In the listing beneath this line, copy exactly the lines starting with the one containing "Young Boy Cookie" and going on through the one containing "Poster A closeup".
═══ Available records
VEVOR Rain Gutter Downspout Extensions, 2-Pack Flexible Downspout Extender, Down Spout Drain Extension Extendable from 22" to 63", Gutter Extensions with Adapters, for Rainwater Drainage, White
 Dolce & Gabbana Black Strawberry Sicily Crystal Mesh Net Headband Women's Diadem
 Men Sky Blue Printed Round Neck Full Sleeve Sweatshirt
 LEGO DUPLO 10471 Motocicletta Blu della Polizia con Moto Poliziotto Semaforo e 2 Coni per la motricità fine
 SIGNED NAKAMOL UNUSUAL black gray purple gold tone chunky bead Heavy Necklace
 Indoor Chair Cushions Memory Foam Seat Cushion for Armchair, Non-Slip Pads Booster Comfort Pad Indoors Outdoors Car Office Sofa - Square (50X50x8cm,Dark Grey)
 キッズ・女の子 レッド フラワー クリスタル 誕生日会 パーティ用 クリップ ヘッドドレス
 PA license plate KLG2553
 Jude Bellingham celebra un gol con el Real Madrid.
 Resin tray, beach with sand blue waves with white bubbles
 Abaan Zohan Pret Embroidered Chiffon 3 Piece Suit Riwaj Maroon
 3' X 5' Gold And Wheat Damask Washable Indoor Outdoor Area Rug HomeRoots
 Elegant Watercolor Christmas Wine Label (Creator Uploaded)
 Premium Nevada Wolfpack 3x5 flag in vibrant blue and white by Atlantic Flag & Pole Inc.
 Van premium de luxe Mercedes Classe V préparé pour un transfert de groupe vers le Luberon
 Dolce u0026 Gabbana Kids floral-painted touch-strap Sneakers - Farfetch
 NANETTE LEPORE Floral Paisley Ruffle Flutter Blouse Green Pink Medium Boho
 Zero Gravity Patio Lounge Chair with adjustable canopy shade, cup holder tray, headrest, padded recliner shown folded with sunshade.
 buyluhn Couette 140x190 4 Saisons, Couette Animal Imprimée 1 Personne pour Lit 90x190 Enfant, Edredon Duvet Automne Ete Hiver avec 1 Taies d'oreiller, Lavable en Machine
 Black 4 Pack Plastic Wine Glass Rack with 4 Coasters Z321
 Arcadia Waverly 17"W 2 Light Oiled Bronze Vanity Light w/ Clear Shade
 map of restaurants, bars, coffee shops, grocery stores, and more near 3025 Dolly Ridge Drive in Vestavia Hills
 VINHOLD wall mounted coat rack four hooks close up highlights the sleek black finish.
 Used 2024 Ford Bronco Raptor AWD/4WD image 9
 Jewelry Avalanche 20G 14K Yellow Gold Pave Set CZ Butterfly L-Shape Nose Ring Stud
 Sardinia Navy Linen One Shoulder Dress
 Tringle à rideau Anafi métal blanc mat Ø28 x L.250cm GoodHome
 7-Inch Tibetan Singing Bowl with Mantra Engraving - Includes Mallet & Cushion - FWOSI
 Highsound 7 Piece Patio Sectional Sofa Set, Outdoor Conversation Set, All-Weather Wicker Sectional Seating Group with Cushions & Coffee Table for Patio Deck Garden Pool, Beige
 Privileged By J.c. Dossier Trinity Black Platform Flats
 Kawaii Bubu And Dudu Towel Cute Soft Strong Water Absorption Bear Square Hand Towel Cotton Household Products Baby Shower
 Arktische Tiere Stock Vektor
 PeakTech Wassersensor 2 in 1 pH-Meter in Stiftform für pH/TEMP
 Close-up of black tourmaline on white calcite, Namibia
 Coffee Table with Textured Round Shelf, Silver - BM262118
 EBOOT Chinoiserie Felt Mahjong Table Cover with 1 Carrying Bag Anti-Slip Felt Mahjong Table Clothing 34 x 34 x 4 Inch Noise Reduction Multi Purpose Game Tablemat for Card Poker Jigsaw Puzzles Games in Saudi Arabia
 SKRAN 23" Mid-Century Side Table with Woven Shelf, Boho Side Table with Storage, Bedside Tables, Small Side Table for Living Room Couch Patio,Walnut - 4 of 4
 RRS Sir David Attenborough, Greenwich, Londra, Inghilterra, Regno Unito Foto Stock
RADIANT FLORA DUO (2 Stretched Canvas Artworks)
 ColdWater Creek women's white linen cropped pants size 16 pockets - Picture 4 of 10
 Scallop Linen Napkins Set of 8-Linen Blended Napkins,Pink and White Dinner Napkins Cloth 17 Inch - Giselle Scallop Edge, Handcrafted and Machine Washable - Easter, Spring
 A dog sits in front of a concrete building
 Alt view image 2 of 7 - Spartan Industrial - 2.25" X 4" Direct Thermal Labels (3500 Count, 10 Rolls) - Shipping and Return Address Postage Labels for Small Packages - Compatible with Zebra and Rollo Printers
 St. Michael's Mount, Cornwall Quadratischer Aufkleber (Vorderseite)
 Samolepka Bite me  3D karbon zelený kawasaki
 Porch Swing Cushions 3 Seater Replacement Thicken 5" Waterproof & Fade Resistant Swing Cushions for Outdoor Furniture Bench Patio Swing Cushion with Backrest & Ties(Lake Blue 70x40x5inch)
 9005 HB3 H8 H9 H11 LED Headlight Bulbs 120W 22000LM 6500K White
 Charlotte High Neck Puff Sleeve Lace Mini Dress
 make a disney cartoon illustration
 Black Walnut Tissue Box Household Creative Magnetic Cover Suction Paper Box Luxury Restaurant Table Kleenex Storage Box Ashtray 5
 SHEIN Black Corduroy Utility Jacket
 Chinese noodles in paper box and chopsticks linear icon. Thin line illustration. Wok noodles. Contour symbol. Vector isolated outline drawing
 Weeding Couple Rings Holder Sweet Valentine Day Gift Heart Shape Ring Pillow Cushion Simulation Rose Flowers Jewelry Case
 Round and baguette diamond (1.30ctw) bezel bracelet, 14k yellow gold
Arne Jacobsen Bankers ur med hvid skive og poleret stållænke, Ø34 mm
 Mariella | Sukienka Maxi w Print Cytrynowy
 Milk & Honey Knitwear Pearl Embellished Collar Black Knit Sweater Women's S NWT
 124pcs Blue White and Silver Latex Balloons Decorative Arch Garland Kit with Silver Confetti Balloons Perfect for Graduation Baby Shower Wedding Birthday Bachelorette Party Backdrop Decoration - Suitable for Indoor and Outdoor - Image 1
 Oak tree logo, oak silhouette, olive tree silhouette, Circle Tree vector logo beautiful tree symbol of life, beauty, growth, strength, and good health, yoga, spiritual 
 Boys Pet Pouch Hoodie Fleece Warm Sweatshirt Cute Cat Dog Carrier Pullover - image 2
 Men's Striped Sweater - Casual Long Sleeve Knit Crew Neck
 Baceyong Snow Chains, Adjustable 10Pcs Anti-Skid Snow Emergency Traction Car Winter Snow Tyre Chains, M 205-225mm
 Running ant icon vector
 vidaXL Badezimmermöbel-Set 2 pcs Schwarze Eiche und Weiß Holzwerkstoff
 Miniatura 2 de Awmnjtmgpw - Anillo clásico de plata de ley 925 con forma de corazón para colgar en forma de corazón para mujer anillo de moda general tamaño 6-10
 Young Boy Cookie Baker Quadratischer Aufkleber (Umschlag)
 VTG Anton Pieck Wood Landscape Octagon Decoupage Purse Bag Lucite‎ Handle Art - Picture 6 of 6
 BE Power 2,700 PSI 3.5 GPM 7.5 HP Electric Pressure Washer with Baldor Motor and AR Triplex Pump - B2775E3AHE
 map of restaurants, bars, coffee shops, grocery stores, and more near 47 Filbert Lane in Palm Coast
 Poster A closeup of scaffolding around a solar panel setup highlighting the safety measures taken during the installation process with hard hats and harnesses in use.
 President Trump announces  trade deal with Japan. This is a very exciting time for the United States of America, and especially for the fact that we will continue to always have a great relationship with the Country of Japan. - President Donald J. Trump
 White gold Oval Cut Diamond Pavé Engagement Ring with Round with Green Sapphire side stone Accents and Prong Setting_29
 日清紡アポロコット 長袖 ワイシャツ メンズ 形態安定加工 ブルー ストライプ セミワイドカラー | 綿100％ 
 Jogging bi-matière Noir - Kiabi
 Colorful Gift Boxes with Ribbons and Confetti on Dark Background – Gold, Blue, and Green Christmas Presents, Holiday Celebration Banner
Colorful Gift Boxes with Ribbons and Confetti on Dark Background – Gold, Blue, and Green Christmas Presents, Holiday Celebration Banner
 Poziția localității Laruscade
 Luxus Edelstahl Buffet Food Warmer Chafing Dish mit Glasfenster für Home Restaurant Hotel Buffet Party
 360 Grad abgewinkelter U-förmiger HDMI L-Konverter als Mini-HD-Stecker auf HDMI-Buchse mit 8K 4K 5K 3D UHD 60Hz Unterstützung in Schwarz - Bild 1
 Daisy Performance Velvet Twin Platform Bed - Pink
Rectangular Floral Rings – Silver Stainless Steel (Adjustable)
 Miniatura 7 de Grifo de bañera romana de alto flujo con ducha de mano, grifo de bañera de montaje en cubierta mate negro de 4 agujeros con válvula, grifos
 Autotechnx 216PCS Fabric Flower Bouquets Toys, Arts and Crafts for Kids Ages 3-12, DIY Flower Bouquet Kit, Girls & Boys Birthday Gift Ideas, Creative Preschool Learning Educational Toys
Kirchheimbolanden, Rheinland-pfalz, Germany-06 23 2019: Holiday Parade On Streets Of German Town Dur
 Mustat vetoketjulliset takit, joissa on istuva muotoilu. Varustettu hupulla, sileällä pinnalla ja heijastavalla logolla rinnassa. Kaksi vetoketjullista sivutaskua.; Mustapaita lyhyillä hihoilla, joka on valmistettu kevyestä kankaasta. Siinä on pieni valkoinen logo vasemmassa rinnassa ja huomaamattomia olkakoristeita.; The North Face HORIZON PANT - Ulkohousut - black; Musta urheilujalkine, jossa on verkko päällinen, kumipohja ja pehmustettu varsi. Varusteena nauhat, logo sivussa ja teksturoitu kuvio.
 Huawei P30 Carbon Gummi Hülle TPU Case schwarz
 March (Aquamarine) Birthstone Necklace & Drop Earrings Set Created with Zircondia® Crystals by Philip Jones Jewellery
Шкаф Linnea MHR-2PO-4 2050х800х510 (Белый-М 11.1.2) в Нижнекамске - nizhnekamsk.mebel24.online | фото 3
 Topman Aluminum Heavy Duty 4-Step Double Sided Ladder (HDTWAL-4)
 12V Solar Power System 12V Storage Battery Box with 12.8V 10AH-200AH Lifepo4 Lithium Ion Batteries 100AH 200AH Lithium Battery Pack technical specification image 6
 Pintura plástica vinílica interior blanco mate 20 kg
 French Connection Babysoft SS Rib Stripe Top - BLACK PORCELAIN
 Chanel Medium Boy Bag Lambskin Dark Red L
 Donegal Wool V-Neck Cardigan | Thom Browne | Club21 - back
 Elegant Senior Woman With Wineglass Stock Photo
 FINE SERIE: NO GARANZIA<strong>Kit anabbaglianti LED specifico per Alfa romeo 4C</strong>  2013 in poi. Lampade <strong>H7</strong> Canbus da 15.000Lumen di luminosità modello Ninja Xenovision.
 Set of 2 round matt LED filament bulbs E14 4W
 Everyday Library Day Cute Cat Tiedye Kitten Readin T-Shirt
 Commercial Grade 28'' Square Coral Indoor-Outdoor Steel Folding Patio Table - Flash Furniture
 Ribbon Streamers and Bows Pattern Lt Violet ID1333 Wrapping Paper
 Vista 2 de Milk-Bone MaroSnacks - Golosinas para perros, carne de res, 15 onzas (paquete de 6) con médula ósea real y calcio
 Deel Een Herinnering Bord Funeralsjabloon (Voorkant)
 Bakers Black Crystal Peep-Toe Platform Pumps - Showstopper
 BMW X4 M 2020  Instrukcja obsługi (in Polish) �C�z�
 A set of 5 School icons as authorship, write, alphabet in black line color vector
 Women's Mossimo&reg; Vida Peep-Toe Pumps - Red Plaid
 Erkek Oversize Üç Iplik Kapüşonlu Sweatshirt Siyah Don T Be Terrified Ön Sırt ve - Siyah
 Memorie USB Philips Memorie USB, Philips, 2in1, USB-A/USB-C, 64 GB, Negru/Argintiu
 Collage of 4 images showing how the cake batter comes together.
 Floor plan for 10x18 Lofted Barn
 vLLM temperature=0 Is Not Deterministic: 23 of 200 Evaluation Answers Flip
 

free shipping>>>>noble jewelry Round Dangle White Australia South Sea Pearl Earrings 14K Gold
══════
> [Solution to this task]
 Young Boy Cookie Baker Quadratischer Aufkleber (Umschlag)
 VTG Anton Pieck Wood Landscape Octagon Decoupage Purse Bag Lucite‎ Handle Art - Picture 6 of 6
 BE Power 2,700 PSI 3.5 GPM 7.5 HP Electric Pressure Washer with Baldor Motor and AR Triplex Pump - B2775E3AHE
 map of restaurants, bars, coffee shops, grocery stores, and more near 47 Filbert Lane in Palm Coast
 Poster A closeup of scaffolding around a solar panel setup highlighting the safety measures taken during the installation process with hard hats and harnesses in use.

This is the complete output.